I think a good realtor will help a client get a better house, and probably a better price. I spoke with the realtor who sold a house listed for 270 days on Iron Mountain Road in Poway, where the client overpaid IMO, and she didn’t even know about any of the comps or recent sales, saying, “I’m not familiar with the area”.
Another story: my realtor friend checks the tax assessor records to see the seller’s loan and purchase info that is not on the MLS. This helps to see how motivated the seller is. This info is available to the realtors, but not to the general public I think.
The HelpUSell model is working just fine. I don’t know what iPayOne did wrong…

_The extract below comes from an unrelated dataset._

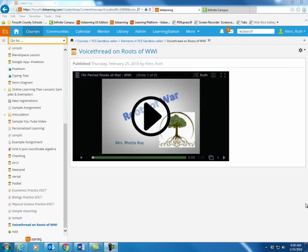One of the programs that Forsyth County Schools has available for teachers and students is called VoiceThread. This is a software program that a teacher could use to flip their classroom so they could record their presentations using VoiceThread and then post that presentation in It's Learning for the students to watch.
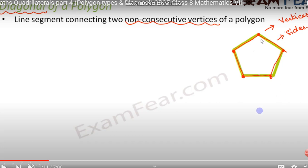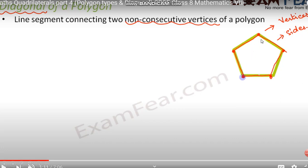When we say non-consecutive vertices, for example, in this figure here are the sides — first, second, third, fourth, and fifth. When we say consecutive vertices, two sides that share a common vertex are consecutive vertices. But look at this: when two vertices that are not adjacent are joined — like here and here — we call those non-consecutive vertices.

However, I think the realtor commission system is highly inefficient. The realtor expects to make a living off the 5-10% of his time that is actually serving customers. The 95% of his time that he is marketing for new customers is completely paid for by the few clients he actually gets. If the average sale takes 20 hours, and the avg realtor has 10 sales, then he is working 200 hours per year. He has to bill at a high commission rate, because he must earn his annual salary in those 200 hours. The other 2200 hours each year are “free” work, spent marketing. For this reason, a fee-for-service is what I prefer. Let a realtor charge me hourly or by the job, just like my CPA.
Also, health insurance is not a business expense. The Target cashier doesn’t subtract health insurance from his salary, and say that “Well, I make $10K a year and after health insurance and taxes I make $0 per year, so I basically work for nothing”.